Exploit Education Phoenix : Format Zero
Table of Contents
Exploit Education Phoenix - This article is part of a series.
Overview of the challenge #
The aim of the Phoenix challenges is to analyse the source code of an executable in order to find and exploit a vulnerability. This second series of challenges concerns the format string vulnerabilities.
The first thing to do is to analyse the executable’s source code. Looking for a vulnerability to exploit.
int main(int argc, char **argv) {
struct {
char dest[32];
volatile int changeme;
} locals;
char buffer[16];
printf("%s\n", BANNER);
if (fgets(buffer, sizeof(buffer) - 1, stdin) == NULL) {
errx(1, "Unable to get buffer");
}
buffer[15] = 0;
locals.changeme = 0;
sprintf(locals.dest, buffer);
if (locals.changeme != 0) {
puts("Well done, the 'changeme' variable has been changed!");
} else {
puts(
"Uh oh, 'changeme' has not yet been changed. Would you like to try "
"again?");
}
exit(0);
}
The first thing you notice is the structure containing a 32-character buffer and the changeme
variable. The aim of this challenge is to modify the value of the changeme
variable. There is also a second buffer of 16 characters.

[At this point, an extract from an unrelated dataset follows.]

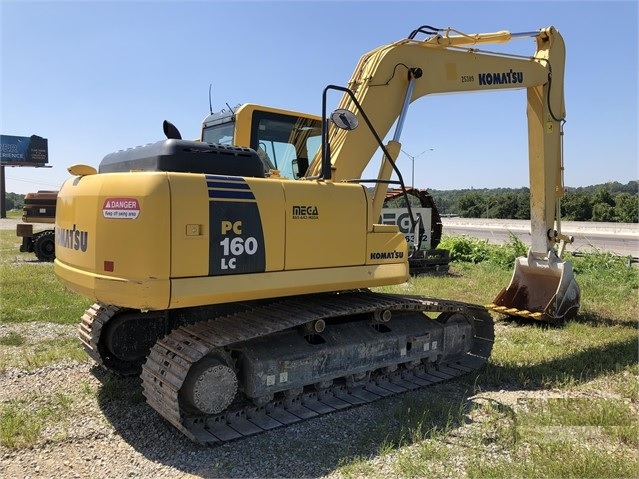 Excavadoras Hidraulicas Komatsu PC160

The second thing is to use the sprintf
function. When we look at the documentation for the function with the command: man sprintf
. The documentation in the BUGS
section explains that using the sprintf
function can be dangerous, especially if the format is given by the user. In other words, the function is used in this way: sprintf(foo);
instead of sprintf(format, foo);
with the format is given by the programmer.
Furthermore, it is not possible to know what the size of the final character string will be, as the use of %
characters will allow an attacker to change the size of the final character string.
The challenge is to exploit a buffer overflow and modify the changeme
variable, while being restricted by a 15-character buffer for user input. This prevents us from using a stack buffer overflow and modifying the variable directly.
Exploiting the vulnerability #
To do this, we need to exploit a buffer overflow vulnerability, we need to instrument a string so that the sprintf
function generates a long string of characters.
$ echo "%32x" | ./format-zero
Using the %32x
parameter tells the sprintf
function to represent a variable in hexadecimal. However, we also indicate the size of the hexadecimal representation, in this case 32
. At the output of the sprintf
function, the string of characters will be 32
characters long, which allows us to modify the value of the changeme
variable by exploiting a buffer overflow. The interesting thing about this method is that we can bypass the buffer size using the sprintf
function parameters.
Finally, we can see that the changeme
variable has been modified, so we can complete the challenge.